The Zom-bee

A few weeks ago, I asked Kit if he would like to go to King’s Park.

“No way!” he answered adamantly.

“Kit!” I chided, “Don’t be rude.”

“No way, thank you,” he amended.

“Why don’t you want to go?” I probed.

“Bees,” he said.

A few years ago, Kit, my friend Emily and I went for a walk in King’s Park. As far as Kit is concerned, his abusive mother took him there for the Sole Purpose of getting stung by a bee, and Emily was an accessory to a Bee Stinging. We all wanted to go for a walk and to see the wild flowers. So off we went, Kit travelling in the meerkat pouch in my backpack.

There are some really amazing species in WA. According to MS Word, we saw a lot of boobs, which are actually boabs, or baobabs. They are those trees that look like I do by the end of the Christmas season (somewhat overstuffed). We also saw a lot of kangaroo paws, flowers which I had never seen before. For Kit’s benefit, I pretended they were called meerkat paws. He was chuffed, even if he didn’t quite believe me.
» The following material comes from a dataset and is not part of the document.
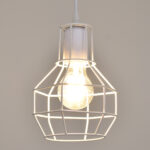 GLOBOSTAR® CAGE 00867 Vintage Κρεμαστό Φωτιστικό Οροφής με Ντουί 1 x E27 AC 220-240V IP20 - Λευκό - Μ15 x Π15 x Υ22cm - Image 3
It was a very hot day and we ended up walking much further than we meant to along a special magic path; it went uphill all the way there and uphill all the way back! When Kit asked to stop and play in the flowers, I gladly put him down at the edge of a flower bed and he went nuts climbing plants and digging little holes. Little did I know, he was also playing with bees, who apparently didn’t want to be buried alive.

The bee that stung Kit was having so much fun that it decided disembowelling itself would be preferable. Like a zom-bee, it dug itself out of its grave, and plunged its stinger into the paw of its captor. Kit screeched like a banshee and insisted that he had been bitten by a snake, despite the fact that there were no snakes to be seen. We realised what had happened, scraped out the stinger, and rushed him back to the car.

By the time we got there my shoes contained more sand than feet, and it felt as though Kit had gained about five kilograms. He was very brave, and spent the trip home propped up with his paw in the cold water in my water bottle.

Later, when he was feeling better, we had a chat about bees. He already knew that they are very important for pollinating our food supply. But it seems I had neglected to mention that they can sting you.

“You mean you took me to the park in Bee Season, and you knew that bees can sting you, and you didn’t even tell me?!” he squeaked, and stomped off to sulk.

I guess that explains his snakebite claim.